Captioned web image data
-------
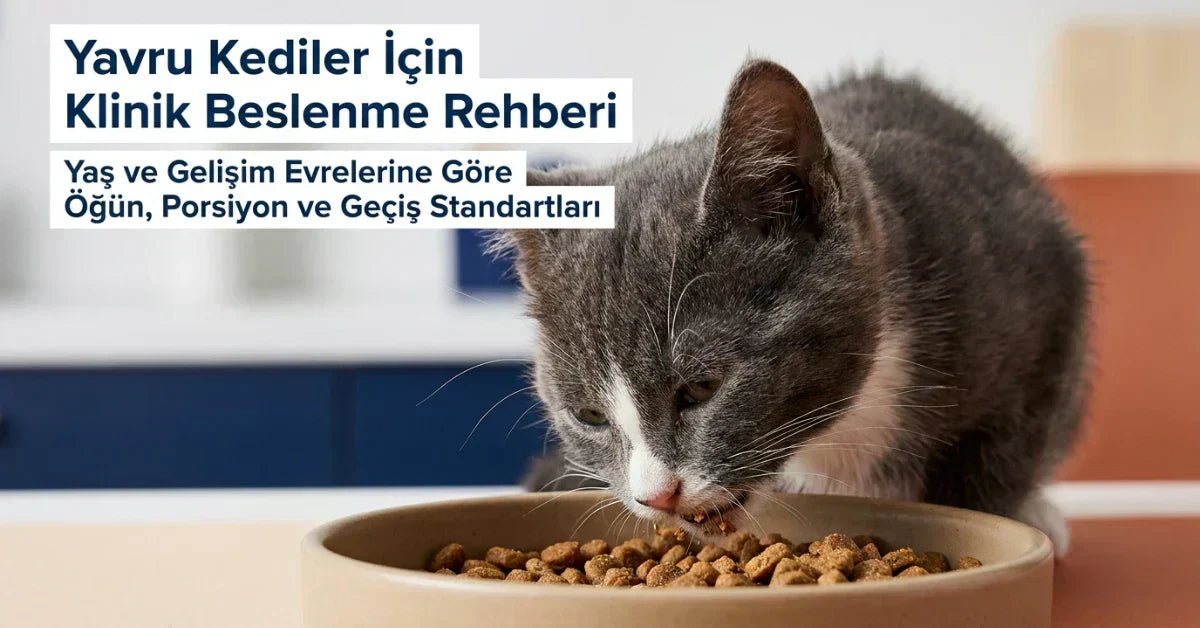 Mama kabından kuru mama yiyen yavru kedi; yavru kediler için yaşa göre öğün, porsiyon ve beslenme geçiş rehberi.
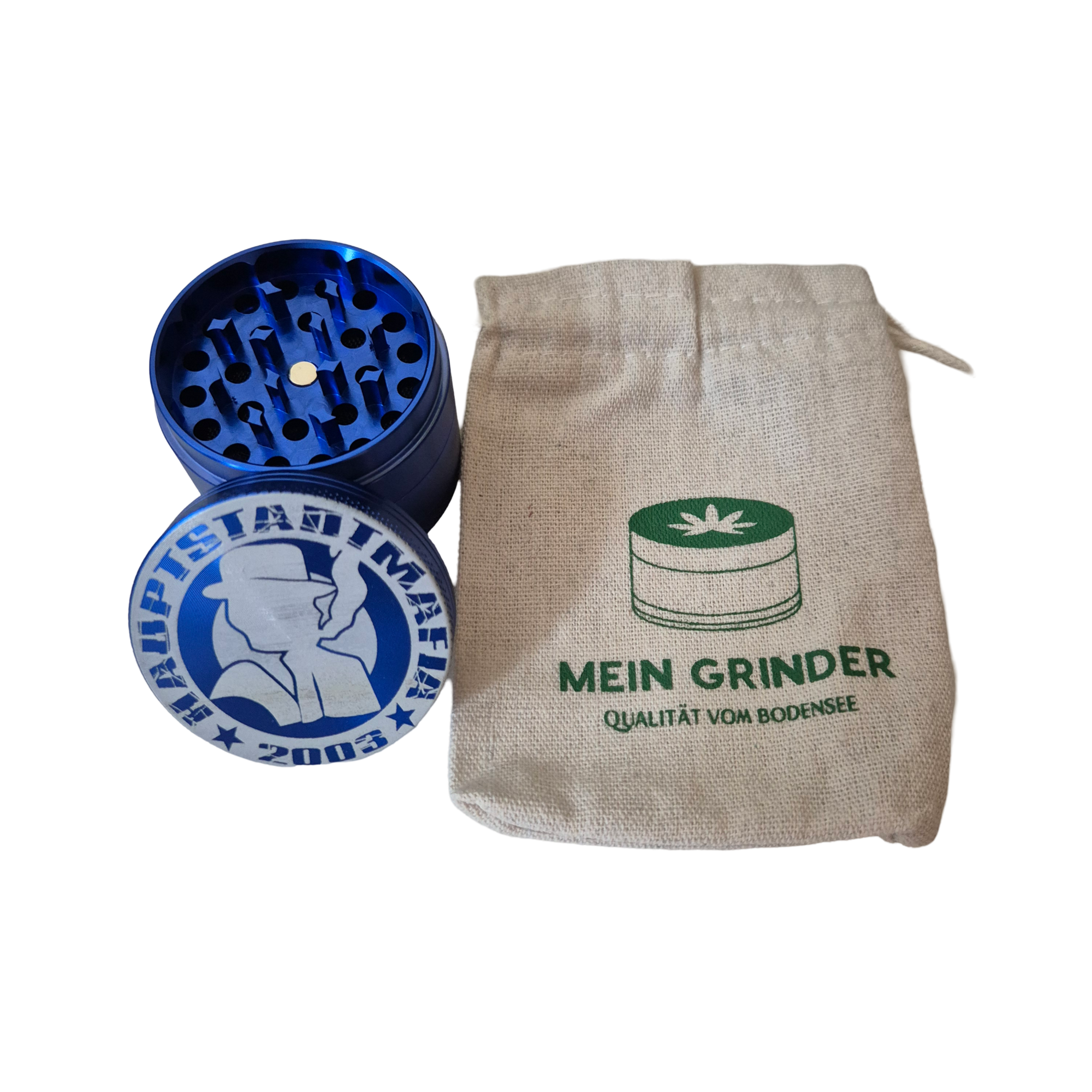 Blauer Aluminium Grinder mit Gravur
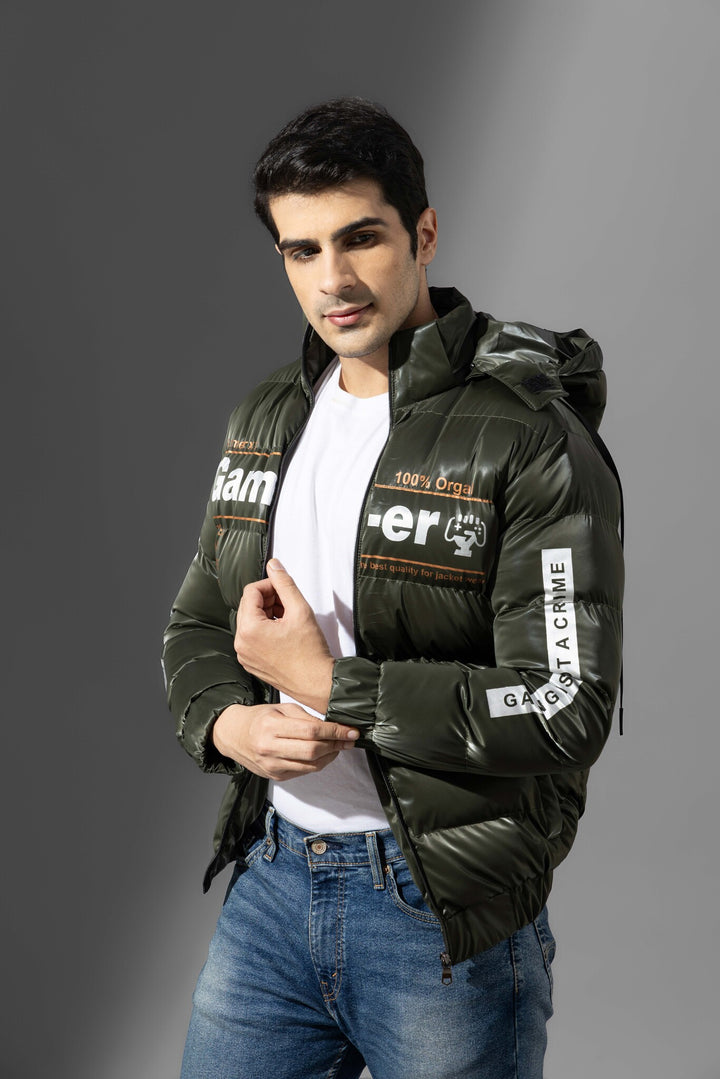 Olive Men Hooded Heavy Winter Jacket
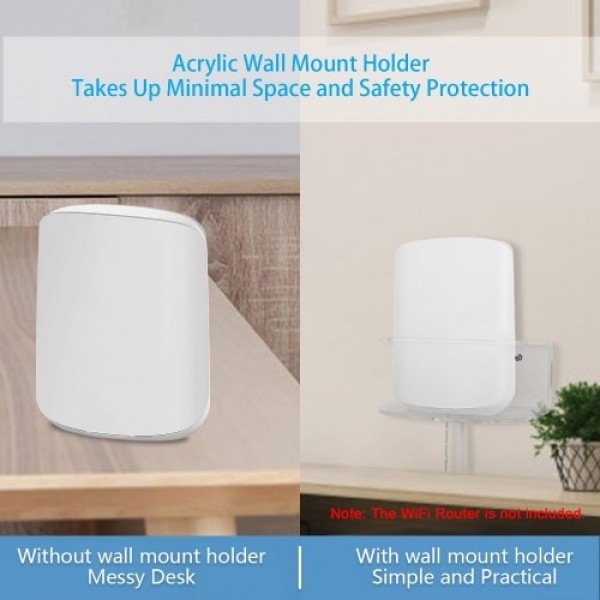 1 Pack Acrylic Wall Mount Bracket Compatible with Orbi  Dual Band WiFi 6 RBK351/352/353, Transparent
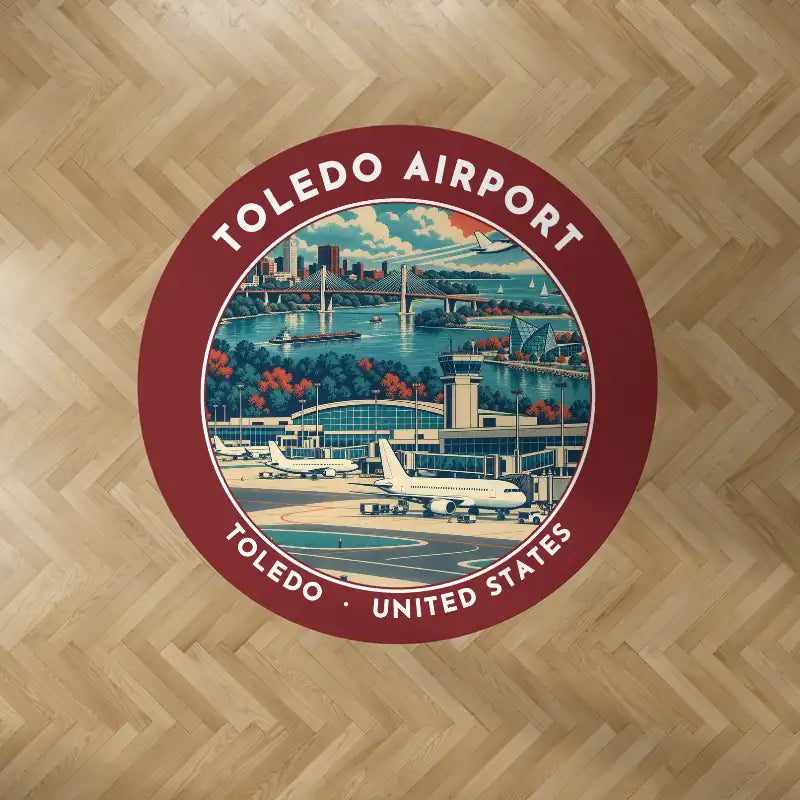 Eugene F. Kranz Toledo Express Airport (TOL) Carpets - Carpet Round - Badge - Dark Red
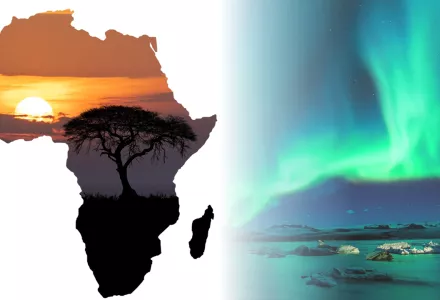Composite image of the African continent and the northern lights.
-------
__WHAT TO PRODUCE__
In the copy, every entry appears exactly as written above and no picture appears.

__SOLVED PROBLEM__
 Mama kabından kuru mama yiyen yavru kedi; yavru kediler için yaşa göre öğün, porsiyon ve beslenme geçiş rehberi.
 Blauer Aluminium Grinder mit Gravur
 Olive Men Hooded Heavy Winter Jacket
 1 Pack Acrylic Wall Mount Bracket Compatible with Orbi  Dual Band WiFi 6 RBK351/352/353, Transparent
 Eugene F. Kranz Toledo Express Airport (TOL) Carpets - Carpet Round - Badge - Dark Red
Composite image of the African continent and the northern lights.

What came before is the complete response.